[Recorded information Boundary: Start]
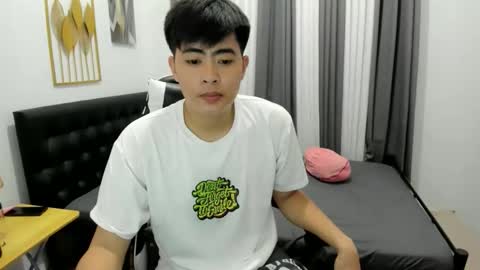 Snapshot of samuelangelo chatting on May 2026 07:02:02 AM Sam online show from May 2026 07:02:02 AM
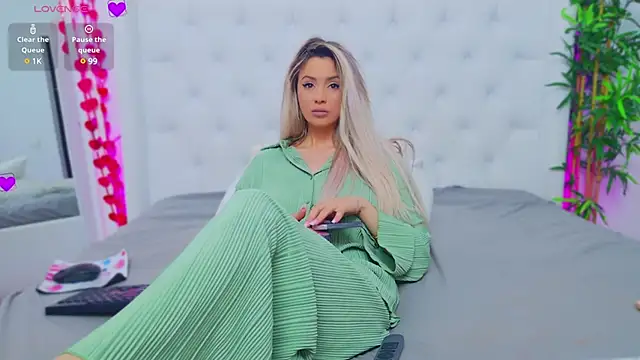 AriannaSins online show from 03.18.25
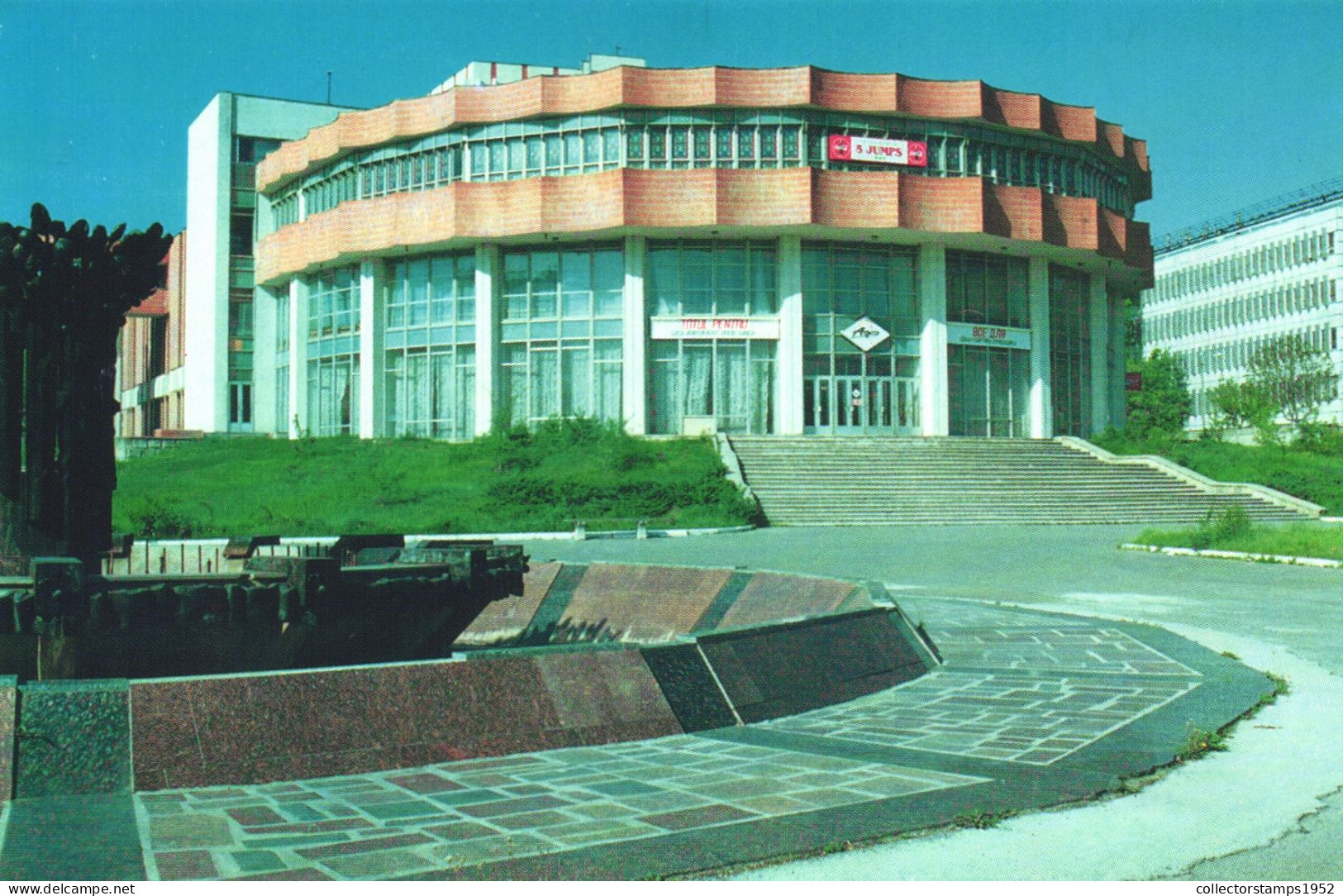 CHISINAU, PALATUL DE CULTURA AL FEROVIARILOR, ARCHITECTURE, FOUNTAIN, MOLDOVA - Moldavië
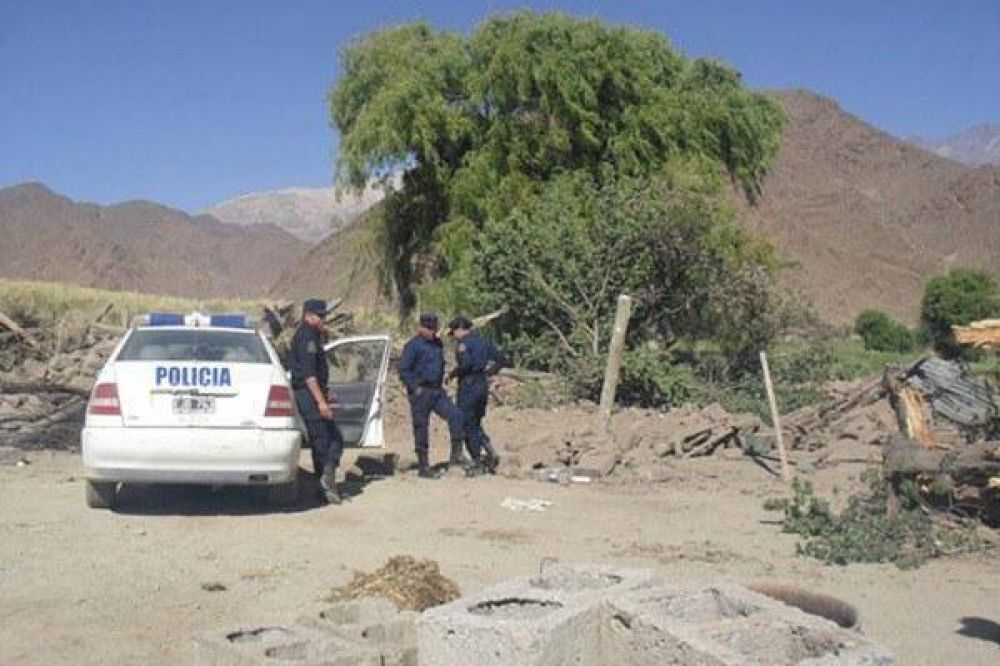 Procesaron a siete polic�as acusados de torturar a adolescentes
[Recorded information Boundary: End]
Exercise details
For this exercise, repeat word for word only the lines from the one containing "AriannaSins online show from 03.18.25" through the end of the data, including both. Pictures do not go in the copy.

Answer for this exercise
 AriannaSins online show from 03.18.25
 CHISINAU, PALATUL DE CULTURA AL FEROVIARILOR, ARCHITECTURE, FOUNTAIN, MOLDOVA - Moldavië
 Procesaron a siete polic�as acusados de torturar a adolescentes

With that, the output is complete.